John Britty North was a man on the lookout for opportunities and having a mining background he purchased 640 acres from Captain Robert Henry Reynolds and eventually additional land as a mining conditional purchase.
In 1878 he initiated exploratory adits in the coal seam below Orphan Rock in the Jamison Valley, utilising a natural tunnel in the edge of the escarpment, he enlarged it to provide a route for a steam driven dual incline haulage to provide access to the coal seam 219m below the cliff top.

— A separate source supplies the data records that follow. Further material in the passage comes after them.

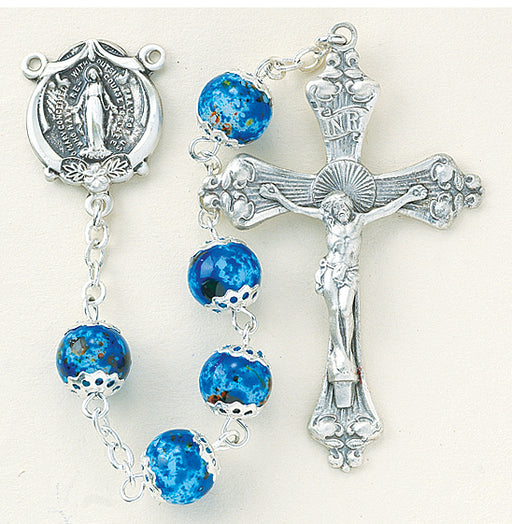 Blue Marble Double Capped Rosary - Engravable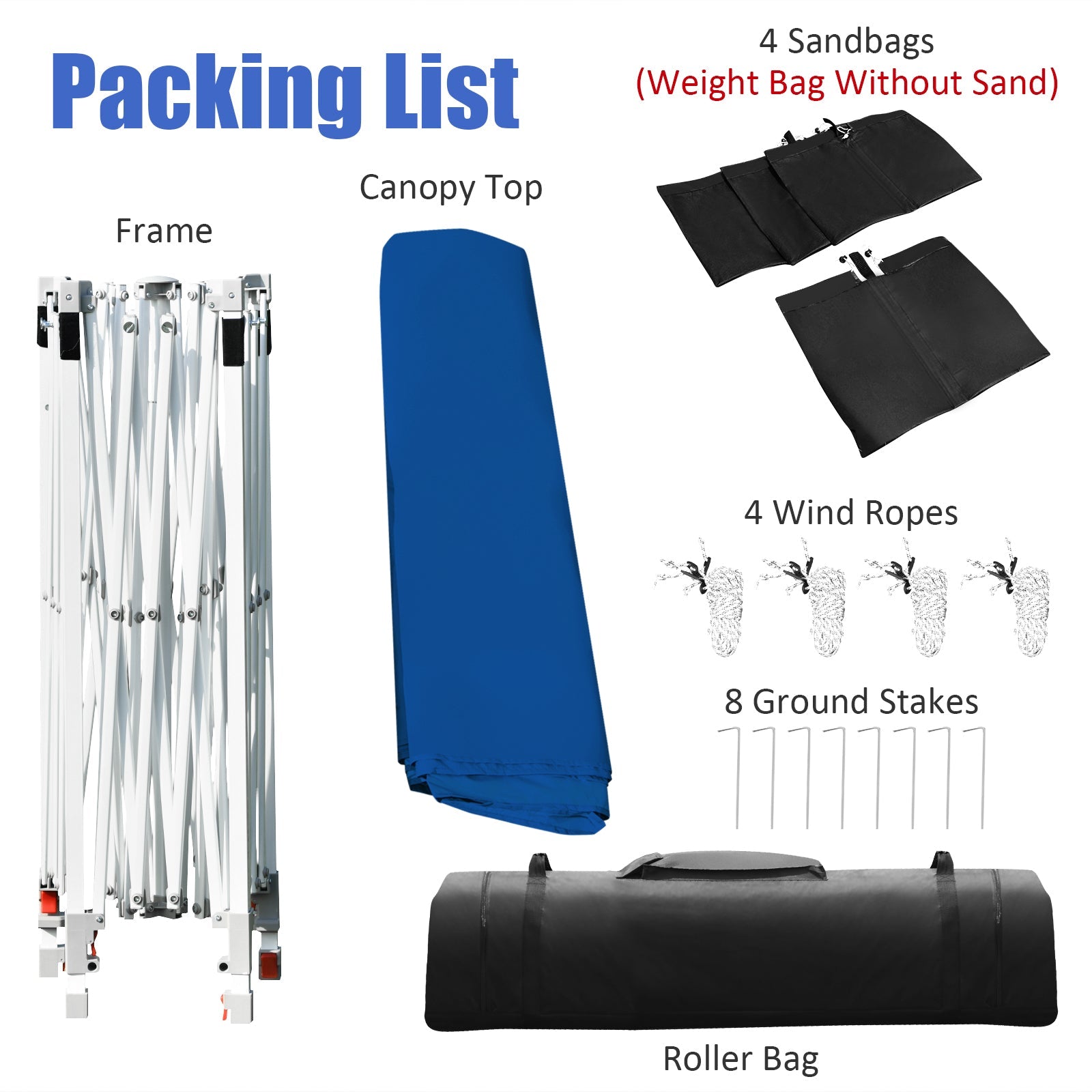 10 x 10 Feet Pop-up Gazebo with 5 Removable Zippered Sidewalls and Extended Awning-Blue packing list including frame, canopy top, sandbags, wind ropes, ground stakes, and roller bag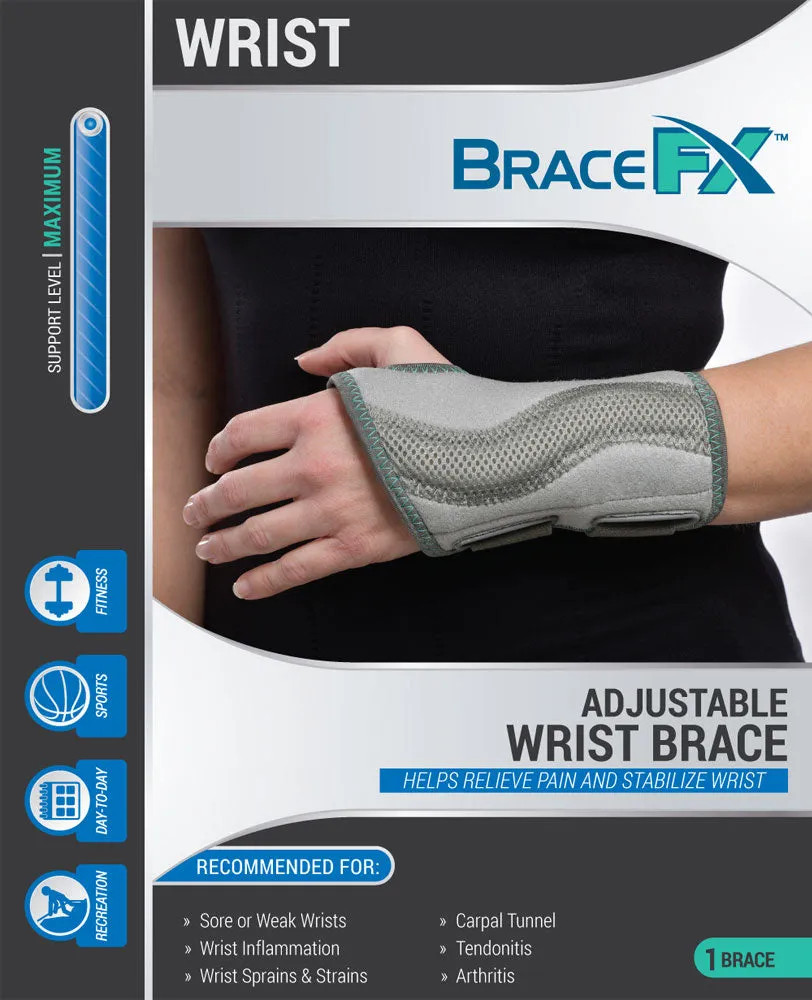 BraceFX Adjustable Wrist Brace | Firm Support & Stability for the Wrist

One of his ventures was to extract an approximately 200Kg block of coal, have it man handled up the 200m high escarpment and then displayed at the 1879 International Exhibition in Sydney. Based on the sample it is believed he was awarded a Government contract to supply coal to the NSW Railways.
It took some years to raise the necessary capital and install the equipment needed, but by 1883 the mine was in full production.
A double incline had been constructed up from the base of a small self acting incline which brought the coal down about 40m from the mouth of the adit to the base of the main incline. At the top of the main incline a dual tramway was constructed covering the 3 Klms to a railway siding on the main Western Line
and then transported to Sydney. By 1888 there were 23 men employed underground and 60 men on the surface, the total output for the 6 months June to December 1888 was 65,680 tons of coal.




The incline Railway was designed by Sydney civil engineer Norman Selfe it was initially built with twin tracks and was completed in 1882. It passes through a natural tunnel in a slot in the cliff face between Orphan Rock and the present site of the tourist center, a substantial amount of rock blasting was necessary to provide a uniform grade of average 44 degrees from the cliff top 200m down to the valley some 30m below the outcrop of the Katoomba seam.


This section of the tramway above was photographed in 1892, at that stage 154 men worked at the various mines in the area and the extracted 22,000 tons of shale during that year.
The cliff in the background is now the famous Katoomba Landslide, this particular section of the tramway ran between the Mount Rennie tunnel through Narrow Neck and the Daylight Tunnel through the Katoomba coal mine, the skips visible in the photo carried oil shale from the Glen Shale mine in the Megalong Valley to the base of the incline, which is now the Scenic Railway.





The last mine closed in the late 1930's , today the incline railway transports tourists.